### EXTRACTED MATERIAL ###

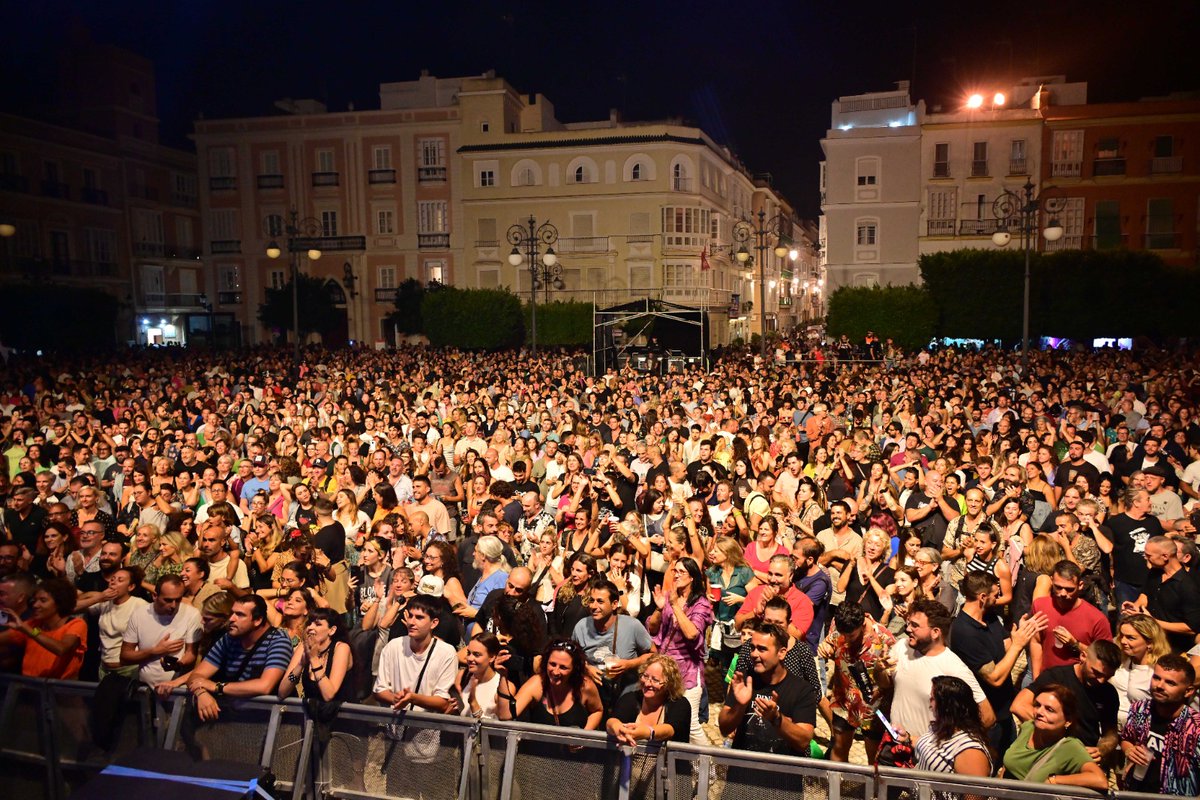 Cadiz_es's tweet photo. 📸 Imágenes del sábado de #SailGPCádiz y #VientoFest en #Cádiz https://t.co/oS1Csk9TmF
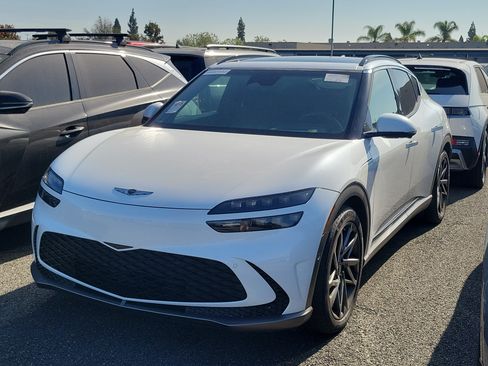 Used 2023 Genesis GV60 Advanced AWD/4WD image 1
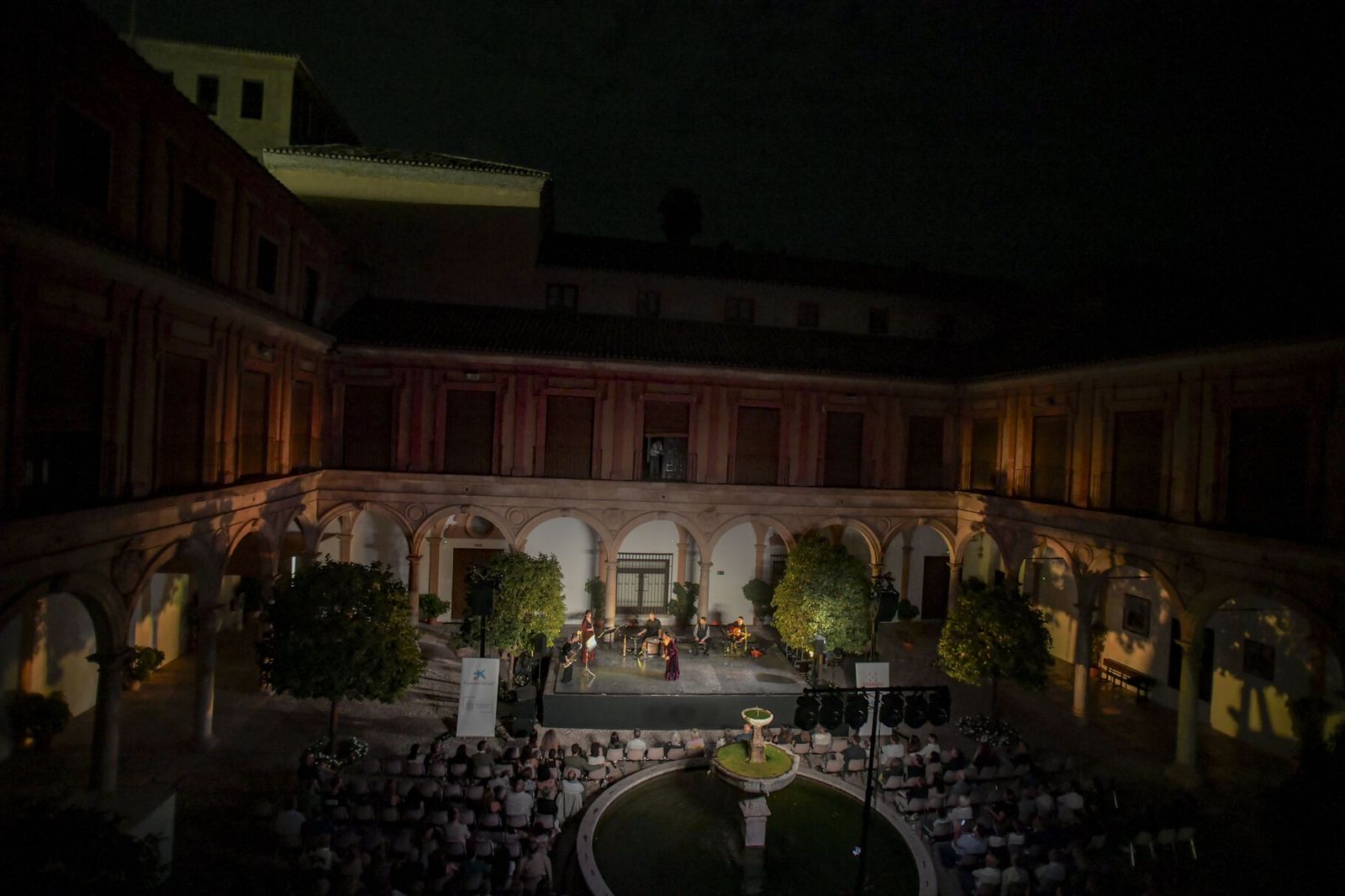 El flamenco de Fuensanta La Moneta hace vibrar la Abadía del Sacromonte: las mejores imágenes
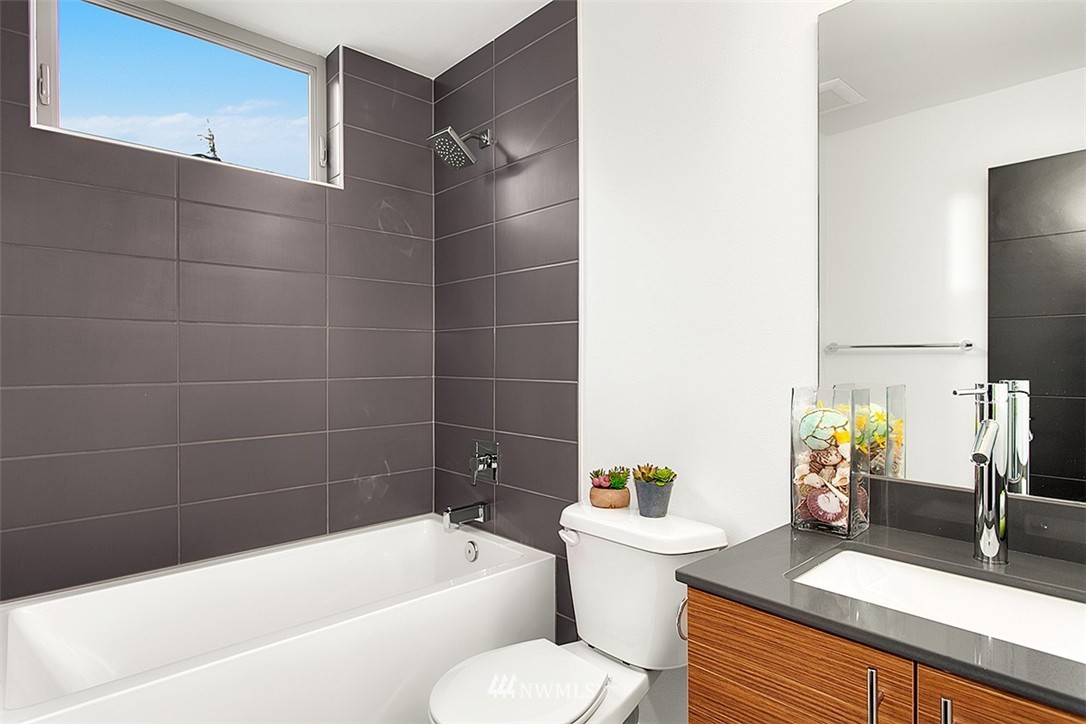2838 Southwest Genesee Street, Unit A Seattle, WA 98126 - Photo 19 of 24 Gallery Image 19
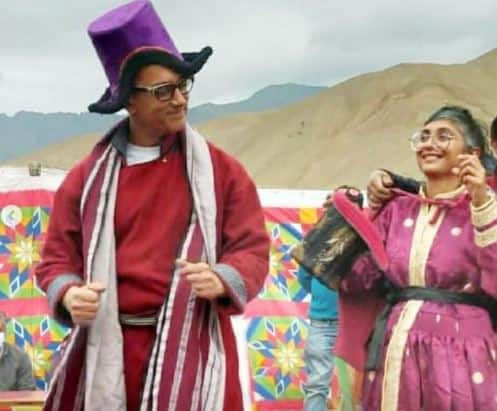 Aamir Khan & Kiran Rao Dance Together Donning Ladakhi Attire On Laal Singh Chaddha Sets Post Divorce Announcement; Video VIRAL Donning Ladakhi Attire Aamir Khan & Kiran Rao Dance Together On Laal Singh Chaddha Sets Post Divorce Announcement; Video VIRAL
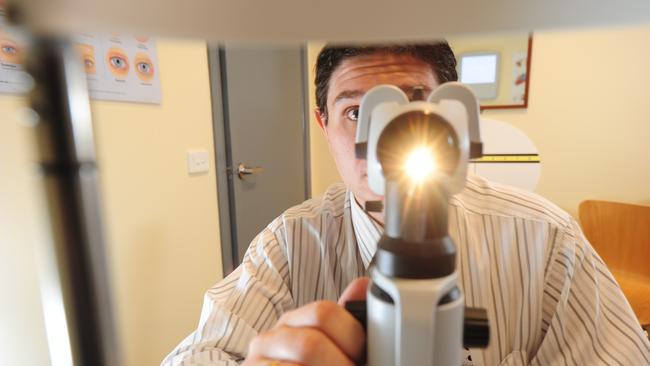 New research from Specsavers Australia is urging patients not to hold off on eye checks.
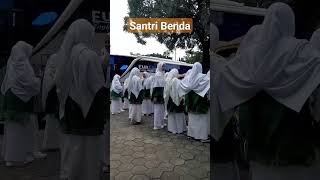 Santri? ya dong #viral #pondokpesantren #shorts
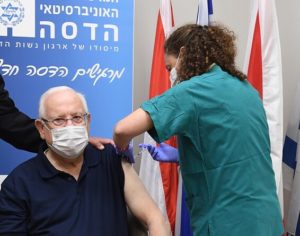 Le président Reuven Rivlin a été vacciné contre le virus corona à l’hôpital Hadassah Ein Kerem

###

§ **THE TASK**
The copy should hold exactly the lines from the one containing "New research from" through the final line of the records above, both ends included, and no picture.

§ **TASK RESPONSE**
 New research from Specsavers Australia is urging patients not to hold off on eye checks.
 Santri? ya dong #viral #pondokpesantren #shorts
 Le président Reuven Rivlin a été vacciné contre le virus corona à l’hôpital Hadassah Ein Kerem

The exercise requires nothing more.